You notice, of course, that I’ve spent most of this post talking about the percentage issue, something the kids learned were first taught back in middle school, than the exponential growth/decay functions, the actual new material. This should not come as a shock to regular readers.

Back in March, there was much fuss about a study revealing that algebra and geometry classes aren’t rigorous enough.

Of course the classes aren’t rigorous enough. They can’t be. I refer you again to the false god of elementary school test scores and the Wise Words of Barbie.

This twitter debate between reformers Mike Petrilli and Rishawn Biddle is typical of reform debates about “rigor”. Petrilli wants end of course exams to stop us teachers from pretending to teach a subject. Biddle wants more of the same, just shout louder and MANDATE instruction, particularly to those disenfranchised black and Hispanic youth who are being let down by lousy teachers with low expectations.

Both of them assume that the problem is ineffective teaching, that all us math teachers could actually teach percentages and fractions to all seventh graders if we were just smarter and better. Or maybe they just think we take the easy way out, that it’d be really really hard to teach the kids properly, and what the hell, we get paid no matter what and behind close doors it’s easier to just go through the motions. Well, sure.

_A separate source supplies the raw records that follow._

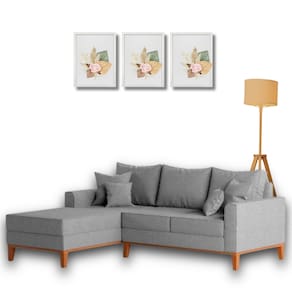 Sofá Beny com Chaise Esquerda, 2,00x1,40m, 3 Lugares, Linho, Base em Madeira.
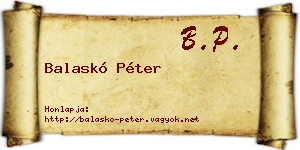 Balaskó Péter névjegykártya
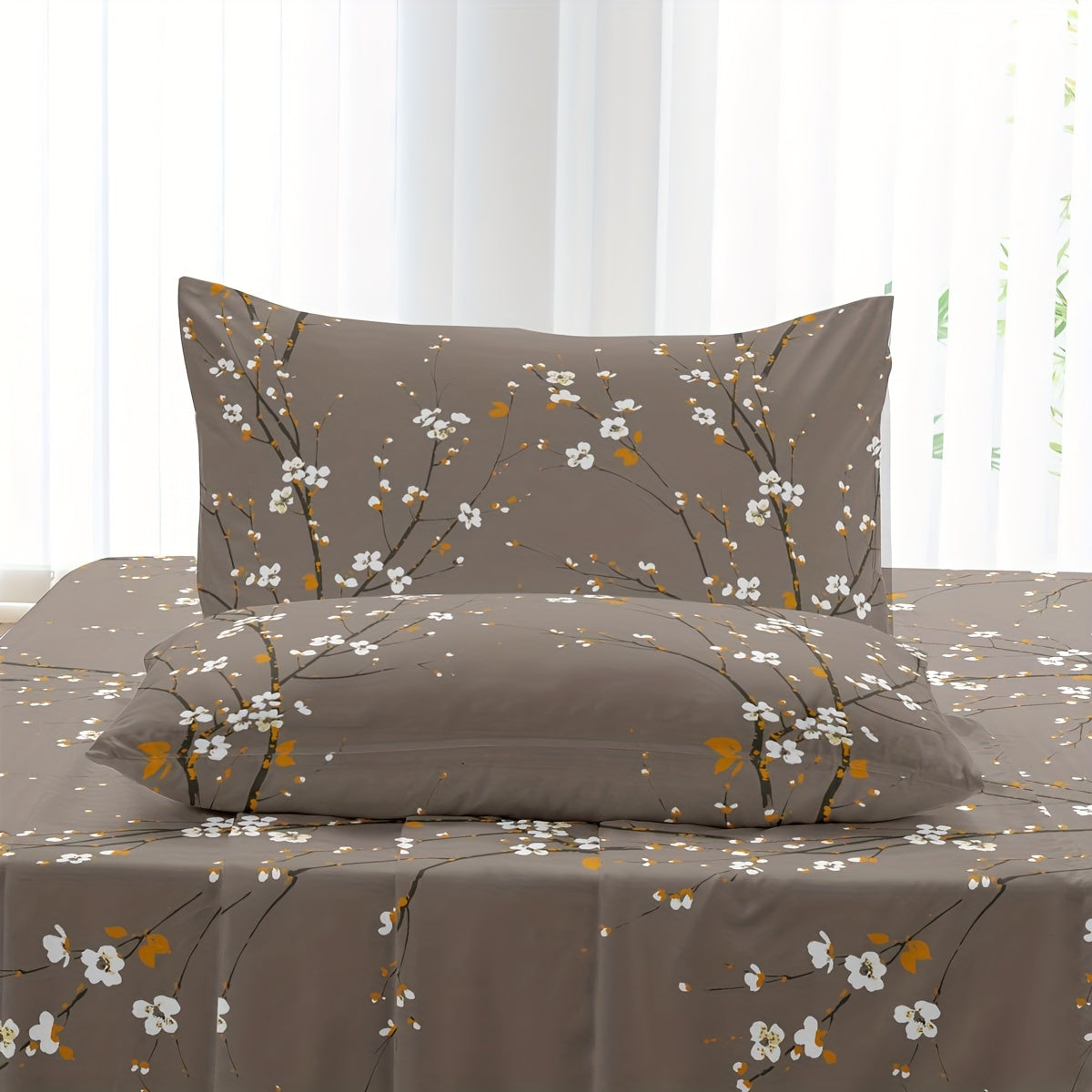 4pcs Luxury Flower Print Fitted Sheet Set - Soft, Hypoallergenic & Breathable Bedding - Wrinkle-Free & Fade-Resistant - Perfect for Bedrooms & Guest Rooms - 1 Flat Sheet, 1 Fitted Sheet, 2 Pillowcases - No Mattress Core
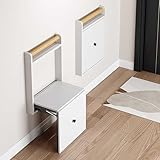 ZIHESY Unsichtbarer Klappstuhl Wandhocker Unsichtbarer Schuhwechselhocker aus Massivholz, für Foyer Veranda Garderobe Balkon Bad - Einfache Installation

Petrilli’s proposal, end-of-course exams, would trigger a bloodbath. People really don’t seem to understand how I’d be all in favor of that, if the result were a rethinking of expectations. But of course, what would actually happen is that we’d end the end-of-course exams. That’s what always happens whenever a state or district tries to enforce higher standards (cf Oklahoma and now Texas). And of course, that’s what’s going to happen with Common Core standards, assuming that anyone actually takes them seriously after the testing bloodbath this year. But I’d be all for end-of-course testing if reformers would accept responsibility for the 80% decrease in graduation rates among blacks and Hispanics who would never get past algebra I and understand, finally, that they believe in a myth.

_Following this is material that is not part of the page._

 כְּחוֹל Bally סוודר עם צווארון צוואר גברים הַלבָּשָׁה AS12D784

But I digress. And I’m still going to like exponential functions, at least until I crack quadratics. Because you know what? The kids do make progress in understanding percentages, and they learn for the first time not only about exponential functions, but about asymptotes, as I explain Zeno’s Paradox. I don’t use Achilles and the tortoise as an example, but instead talk about how I could throw a stapler right at BTS’s head and know that the stapler would never draw blood because it wouldn’t reach his noggin, so I couldn’t get fired. Or that I could walk to the door and never get there. I do get to the door, of course, and alas, the stapler would eventually crack BTS’s skull. But even though we know that this is true, the tools for proving the paradox false, as opposed to demonstrating it, don’t come around until calculus. They get a kick out of that.

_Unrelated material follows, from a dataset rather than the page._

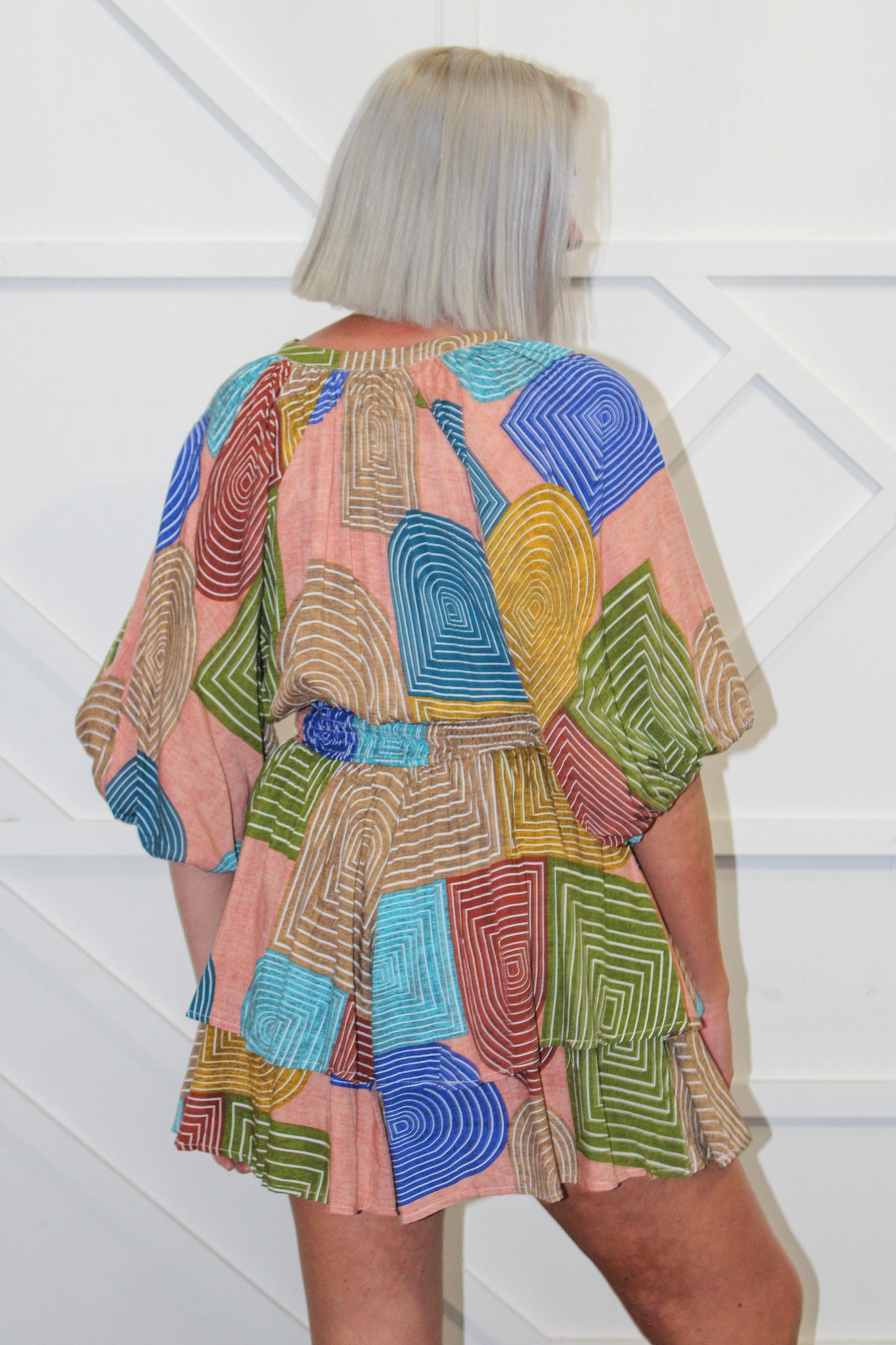 Elizabeth Printed Romper Dress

If all that’s not fun enough, I see genuine, honest-to-god intellectual curiosity among most students as they realize that they don’t have the tools to isolate x in the equation 8 = 3^x. That for all these years they’ve been getting along fine with addition/subtraction, multiplication/division, nth power/nth root, but none of those will work here. Which sets us up beautifully for both logs and a proper discussion of inverses, leading into inverse functions. Yes, their skills are still basic, but I can see the glimmering of understanding of the underlying concepts. If the damn state tests would just ask questions about those underlying concepts instead of demanding underlying concepts and advanced operations, I might even be able to get the kids to show that understanding.

And in writing up this essay, I am struck by the obvious solution to the percentage problem on day one: I need a worksheet. They fill it out, and not until they are done with that do I give them the worksheets on growth and decay. Naturally, this solution is again a lowering of expectations, a realization that a clear explanation on a blackboard that they can refer to isn’t enough, that I need to give fifteen to seventeen year olds an activity so the information will sink in and they use the method right away without asking me to explain it all again group by group. But to hell with expectations. It will be much better for my bloodpressure.